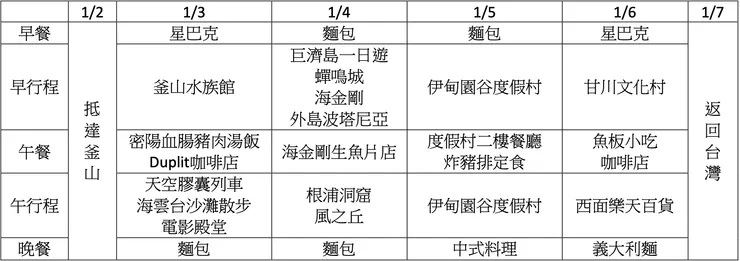 釜山6天5夜行程表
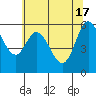 Pacific City tide chart for Friday, May 17, 2024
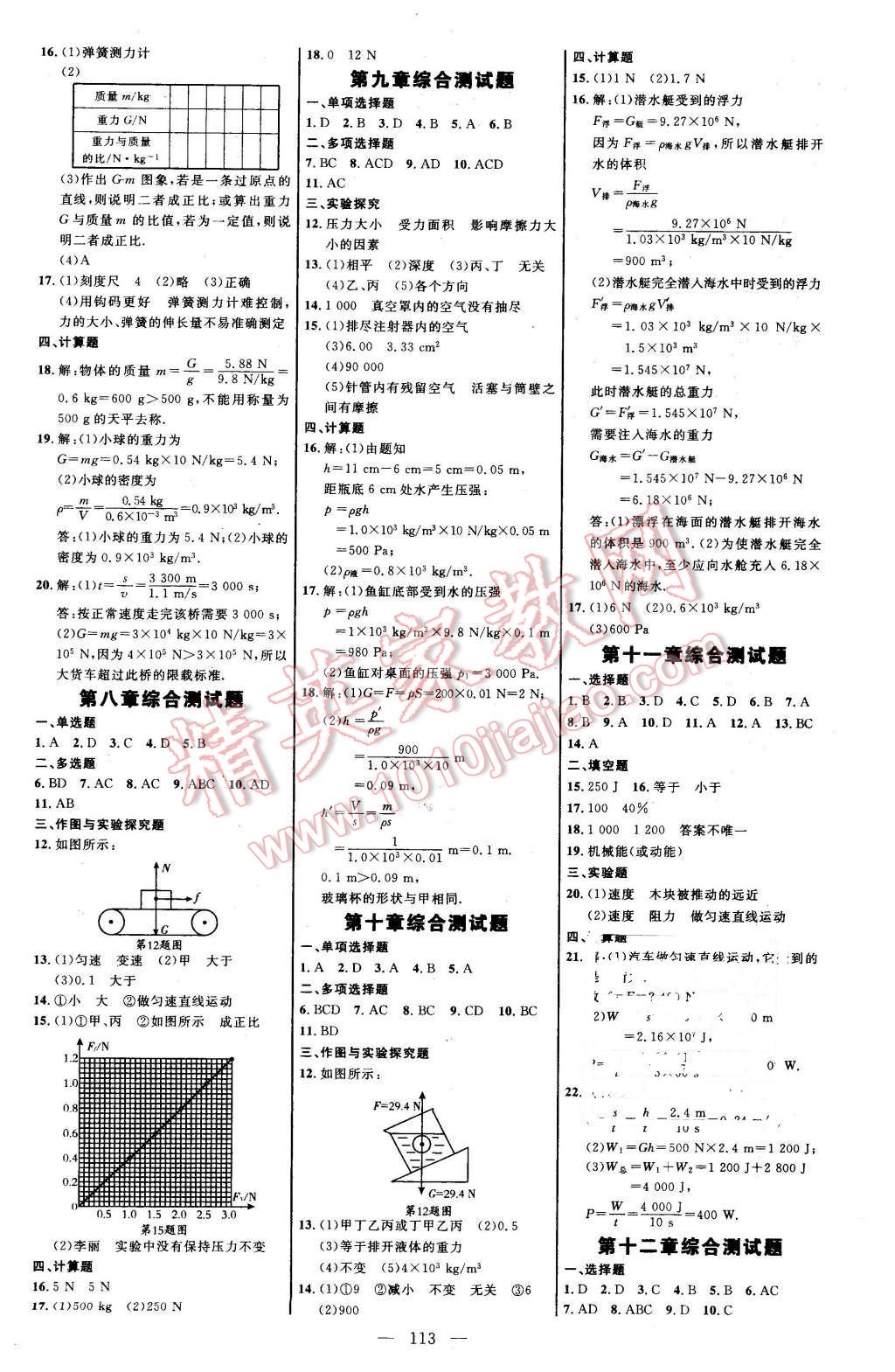 2016年细解巧练八年级物理下册人教版 第7页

> **AIM OF THE EXERCISE**
Reproduce the data exactly as it appears above. Pictures are to be left out.

> **EXERCISE SOLUTION**
 釜山6天5夜行程表
 Pacific City tide chart for Friday, May 17, 2024
 2016年细解巧练八年级物理下册人教版 第7页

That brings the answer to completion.